W Brukseli trwa szczyt Unii Europejskiej, w trakcie którego może zostać wyłoniony nowy szef Komisji Europejskiej. Choć wedle wszelkich doniesień dotychczasowy wiceszef KE miał mieć największe szanse na uzyskanie stanowiska, jego pozycja znacznie osłabła.

Portal dorzeczy.pl dowiedział się od osób biorących udział w szczycie, że szanse Timmermansa na fotel szefa Komisji znacznie osłabły. Co więcej – to dzięki zdecydowanym działaniom premiera Mateusza Morawieckiego.

Rozmówca portalu stwierdził, że przed rozpoczęciem szczytu Timmermans miał 90-95 proc. szans, jednak:

Popołudnie i seria spotkań organizowanych przez premiera Morawieckiego w ramach grupy V4 zmieniło wszystko”

- mówi portalowi osoba z otoczenia premiera Morawieckiego.

W rozmowach z polską delegacją uczestniczyła zarówno kanclerz Niemiec Angela Merkel, prezydent Francji Emmanuel Macron czy włoski premier Giuseppe Conti. Morawiecki rozmawiał też z premierem Chorwacji, a polska delegacja kontaktowała się z delegacją Bułgarii.

Według nieoficjalnych informacji PAP – wszystkie państwa Grupy Wyszehradzkiej są przeciwne kandydaturze Fransa Timmermansa.
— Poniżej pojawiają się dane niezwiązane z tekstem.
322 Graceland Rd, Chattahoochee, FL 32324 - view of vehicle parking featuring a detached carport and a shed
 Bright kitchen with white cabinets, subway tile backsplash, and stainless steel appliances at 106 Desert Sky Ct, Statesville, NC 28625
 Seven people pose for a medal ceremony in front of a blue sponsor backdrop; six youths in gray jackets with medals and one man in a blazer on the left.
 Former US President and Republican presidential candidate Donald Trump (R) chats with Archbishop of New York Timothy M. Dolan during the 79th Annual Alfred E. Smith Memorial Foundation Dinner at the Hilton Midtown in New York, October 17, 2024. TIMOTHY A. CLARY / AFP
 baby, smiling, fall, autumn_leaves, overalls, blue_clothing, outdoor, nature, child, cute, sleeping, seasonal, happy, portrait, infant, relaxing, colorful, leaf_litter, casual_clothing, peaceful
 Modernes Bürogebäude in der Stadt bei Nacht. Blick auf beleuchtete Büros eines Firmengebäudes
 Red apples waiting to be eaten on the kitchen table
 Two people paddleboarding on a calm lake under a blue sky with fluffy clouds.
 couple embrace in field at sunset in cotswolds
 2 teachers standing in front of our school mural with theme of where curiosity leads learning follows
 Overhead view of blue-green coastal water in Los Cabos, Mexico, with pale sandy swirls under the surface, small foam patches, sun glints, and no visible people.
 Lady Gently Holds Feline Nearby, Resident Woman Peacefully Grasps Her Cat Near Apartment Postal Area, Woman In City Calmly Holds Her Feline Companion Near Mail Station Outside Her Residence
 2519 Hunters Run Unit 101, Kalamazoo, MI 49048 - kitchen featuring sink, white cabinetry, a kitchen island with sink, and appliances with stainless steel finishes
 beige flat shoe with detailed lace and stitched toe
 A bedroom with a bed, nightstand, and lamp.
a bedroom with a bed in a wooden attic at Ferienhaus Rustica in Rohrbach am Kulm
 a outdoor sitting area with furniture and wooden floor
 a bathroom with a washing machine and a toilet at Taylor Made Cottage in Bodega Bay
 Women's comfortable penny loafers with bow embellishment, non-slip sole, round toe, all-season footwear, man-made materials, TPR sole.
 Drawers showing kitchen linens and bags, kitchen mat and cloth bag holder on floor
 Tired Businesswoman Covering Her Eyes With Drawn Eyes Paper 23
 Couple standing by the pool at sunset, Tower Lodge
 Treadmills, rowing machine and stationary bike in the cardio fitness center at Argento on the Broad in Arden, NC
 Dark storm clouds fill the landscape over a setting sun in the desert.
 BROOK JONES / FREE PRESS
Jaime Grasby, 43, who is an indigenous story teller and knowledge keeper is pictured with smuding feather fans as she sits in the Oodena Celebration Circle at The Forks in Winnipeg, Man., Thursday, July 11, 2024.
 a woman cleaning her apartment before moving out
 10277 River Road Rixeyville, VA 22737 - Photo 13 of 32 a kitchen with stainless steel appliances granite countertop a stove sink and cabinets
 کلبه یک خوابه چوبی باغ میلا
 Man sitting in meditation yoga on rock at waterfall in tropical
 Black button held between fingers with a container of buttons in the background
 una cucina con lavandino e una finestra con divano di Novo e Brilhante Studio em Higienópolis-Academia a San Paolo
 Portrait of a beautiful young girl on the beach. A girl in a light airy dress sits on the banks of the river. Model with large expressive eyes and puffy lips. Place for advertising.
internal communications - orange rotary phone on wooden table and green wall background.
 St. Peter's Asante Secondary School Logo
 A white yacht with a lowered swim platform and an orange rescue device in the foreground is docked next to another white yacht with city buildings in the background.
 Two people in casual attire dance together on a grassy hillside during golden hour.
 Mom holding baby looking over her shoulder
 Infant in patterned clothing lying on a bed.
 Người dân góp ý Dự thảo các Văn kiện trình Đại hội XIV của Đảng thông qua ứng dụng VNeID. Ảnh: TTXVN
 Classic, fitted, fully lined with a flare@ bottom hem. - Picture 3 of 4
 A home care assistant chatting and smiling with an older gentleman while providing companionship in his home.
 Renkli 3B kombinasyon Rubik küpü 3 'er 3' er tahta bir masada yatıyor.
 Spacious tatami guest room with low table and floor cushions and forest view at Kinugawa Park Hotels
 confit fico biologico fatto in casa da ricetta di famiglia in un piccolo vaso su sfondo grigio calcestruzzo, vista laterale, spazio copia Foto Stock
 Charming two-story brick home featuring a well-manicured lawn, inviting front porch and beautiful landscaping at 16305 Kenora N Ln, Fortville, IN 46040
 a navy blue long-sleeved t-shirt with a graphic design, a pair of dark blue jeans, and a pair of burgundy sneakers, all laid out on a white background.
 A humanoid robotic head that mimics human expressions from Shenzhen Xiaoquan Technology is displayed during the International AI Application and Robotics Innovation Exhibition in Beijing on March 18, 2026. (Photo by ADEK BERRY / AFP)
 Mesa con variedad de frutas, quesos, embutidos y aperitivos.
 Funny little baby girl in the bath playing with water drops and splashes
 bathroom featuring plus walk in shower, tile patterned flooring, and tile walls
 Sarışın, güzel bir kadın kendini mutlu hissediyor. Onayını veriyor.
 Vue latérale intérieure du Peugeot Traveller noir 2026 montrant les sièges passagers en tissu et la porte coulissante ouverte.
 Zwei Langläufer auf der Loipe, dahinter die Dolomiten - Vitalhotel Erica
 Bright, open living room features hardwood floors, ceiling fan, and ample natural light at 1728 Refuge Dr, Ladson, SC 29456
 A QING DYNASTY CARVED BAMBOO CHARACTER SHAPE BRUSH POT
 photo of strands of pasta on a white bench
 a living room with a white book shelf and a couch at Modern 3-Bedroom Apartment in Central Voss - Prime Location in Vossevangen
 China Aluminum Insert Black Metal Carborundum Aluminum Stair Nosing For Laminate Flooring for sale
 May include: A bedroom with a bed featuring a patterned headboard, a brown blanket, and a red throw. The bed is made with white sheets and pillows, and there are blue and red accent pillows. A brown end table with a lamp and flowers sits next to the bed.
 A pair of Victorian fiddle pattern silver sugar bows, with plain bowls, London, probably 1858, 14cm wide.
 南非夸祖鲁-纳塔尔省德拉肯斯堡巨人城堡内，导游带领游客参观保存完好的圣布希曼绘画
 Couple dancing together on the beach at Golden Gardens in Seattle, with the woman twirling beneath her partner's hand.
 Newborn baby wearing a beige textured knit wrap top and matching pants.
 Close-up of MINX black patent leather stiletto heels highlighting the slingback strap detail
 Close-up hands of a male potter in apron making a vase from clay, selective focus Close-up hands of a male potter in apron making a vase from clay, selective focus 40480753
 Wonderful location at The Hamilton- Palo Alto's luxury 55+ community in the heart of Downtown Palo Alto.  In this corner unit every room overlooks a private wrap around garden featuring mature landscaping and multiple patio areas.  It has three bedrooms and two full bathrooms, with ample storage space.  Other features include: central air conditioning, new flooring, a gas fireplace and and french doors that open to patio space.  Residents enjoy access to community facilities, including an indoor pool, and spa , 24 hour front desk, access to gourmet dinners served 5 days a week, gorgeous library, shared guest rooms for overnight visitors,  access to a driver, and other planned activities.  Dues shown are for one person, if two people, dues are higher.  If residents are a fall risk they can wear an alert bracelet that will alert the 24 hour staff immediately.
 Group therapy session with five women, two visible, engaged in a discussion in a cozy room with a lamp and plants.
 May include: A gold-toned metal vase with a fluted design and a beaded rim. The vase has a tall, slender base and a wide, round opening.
Rozmówca portalu uważa, że obecnie kandydatura byłego wiceszefa KE „wydaje się nierealna”. Podkreśla, że wszystko to jest wynikiem zdecydowanej postawy premiera oraz całej V4. Timmermans według niego na 90 proc. nie zostanie szefem Komisji.

Z kolei Katarzyna Szymańska-Borginon, korespondentka RMF FM, napisała na swoim twitterze:

Nieoczekiwanie topnieją szanse Timmermansa na szefa KE. Poza kanclerz Angelą Merkel na szczycie EPL - nikt go nie bronił. Donald Tusk miał podobno kwaśną minę... „.